Best Snorkeling Spots in Bermuda for Families

The water that surrounds the nooks and crannies of the 138 pieces of rock that form the fishhook-shaped island of Bermuda is the crystal home to a spectrum of sea life. The colors that spread within its busy ocean are shades of baby and sapphire blues, pinks and crimsons, lavenders and golds. While visitors may feel overwhelmed at the number of options where they can view the inner workings of this hidden world, we found the best spots for every member of the family to safely appreciate it.

Bermuda waters © Rina Nehdar

Bermuda waters © Rina Nehdar

Before you head off, a quick visit to the Bermuda Aquarium, Museum and Zoo will give you a cross section view of what you can expect to see underwater, why it’s there and how it’s changed.

Snorkel Park Beach

If you’re a little unsure of how comfortable you are in the water, you have your folks with you or you like your snorkeling a bit more on the social side, Snorkel Park Beach, part of the Royal Navy Dockyard complex on the West End, is the place for you. Full gear is available to rent for this beach entry snorkel area, plus, when you’re done, you can listen to live music and grab a bite to eat.

Tobacco Bay

Another area to hang out in between your mellow snorkel adventure is Tobacco Bay, set on the East End and the site where locals once helped American revolutionaries steal gunpowder from the British. Today, it’s a beach club with lounge chairs and a protected lagoon surrounded by inviting rock formations home to a vast array of sea life.

Bermuda Snorkeling © Rina Nehdar

Bermuda Snorkeling © Rina Nehdar

John Smith’s Bay

Named after Pocahontas’s special friend, credited for drawing the first map of Bermuda, this pink-sand South Shore beach is about 15 minutes from Hamilton.
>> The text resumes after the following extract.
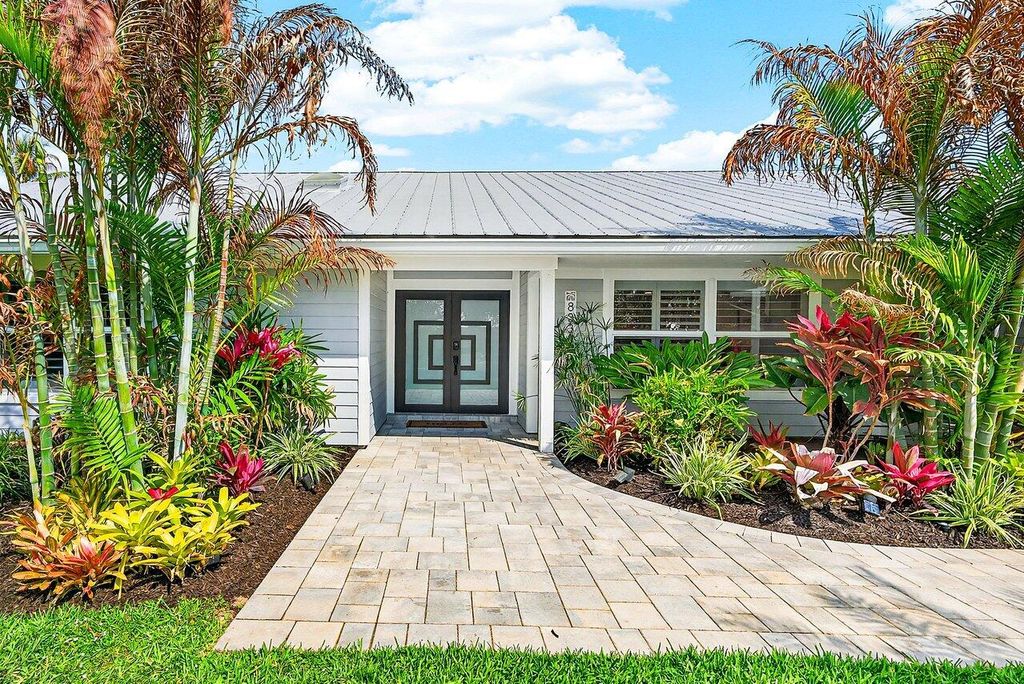 Photo of 8331 SE Quail Ridge Way, Hobe Sound, FL 33455 (MLS # B26007464)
This is the place to interact with locals who are also appreciating the magical land beneath the water. Rumor has it, if you go right (facing the sea) you’ll find a large community of fish congregating around the rocks. There’s a parking lot and during summers food carts make their way around the sand.

Daniel’s Head Park

It’s nine beaches on 17 coastal acres, two of which are public, on the Western tip of the island. This may be the best kept secret for prime snorkeling. The waters are extremely calm and shallow, making it the perfect spot to explore with young kids. During WWII, the Canadians used the area as an army base so barracks could still be spotted by young pioneers. During the summer, vendors will provide chairs and gear to rent but, otherwise, bring your own.

The Western Blue Cut

If your kids are a little older or you’re a more adventurous type family, Bermuda is surrounded by shipwrecks which met their fate on the rocky, shallow reefs and are the perfect spots to explore snorkeling. The Western Blue Cut is about an hour’s boat ride from the Royal Navy Dockyard. The spot is a break in the reef that is within swimming distance of several wrecks. The two most popular are the Constellation and the Montana, shallow reef spots and only about 20 feet from perfect views of the two submerged vessels.